In a New-Keynesian Model, the Consumption index

$C_t=\left(\int_0^1{C_t(i)^{1-\gamma} \ di}\right)^{\frac{1}{1-\gamma}}$

is log-linearized to

$\tilde{c_t}=\int_0^1{\tilde{c_t}(i) \ di}$

where variables with tilde are log deviations from steady state and $i=[0,1]$ are varieties of the consumption good.

Even though I feel comfortable log linearizing other equations, I have no idea how to deal with the integral. How do you get to the result? And what would a second order approximation look like?

  • 2
    $\begingroup$ Hint: bring the exponent over to the LHS. Then try the method used here math.stackexchange.com/questions/1519583/… $\endgroup$
    – VCG
    Sep 21 '16 at 2:06
  • 2
    $\begingroup$ @VCG I think this is a nice and non-trivial technical trick.

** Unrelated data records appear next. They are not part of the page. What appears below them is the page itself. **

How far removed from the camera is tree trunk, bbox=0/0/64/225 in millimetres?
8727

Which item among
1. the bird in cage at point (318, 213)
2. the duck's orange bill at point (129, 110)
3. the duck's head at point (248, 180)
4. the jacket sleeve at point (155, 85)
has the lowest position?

If you would type out a detailed answer (perhaps with some explanation about why the approximation works) I would upvote it. Also, if the method works, why do you not vote it up on math? $\endgroup$
    – Giskard
    Sep 21 '16 at 6:10

Thanks for the hint and the link! I think I now managed to find the solution.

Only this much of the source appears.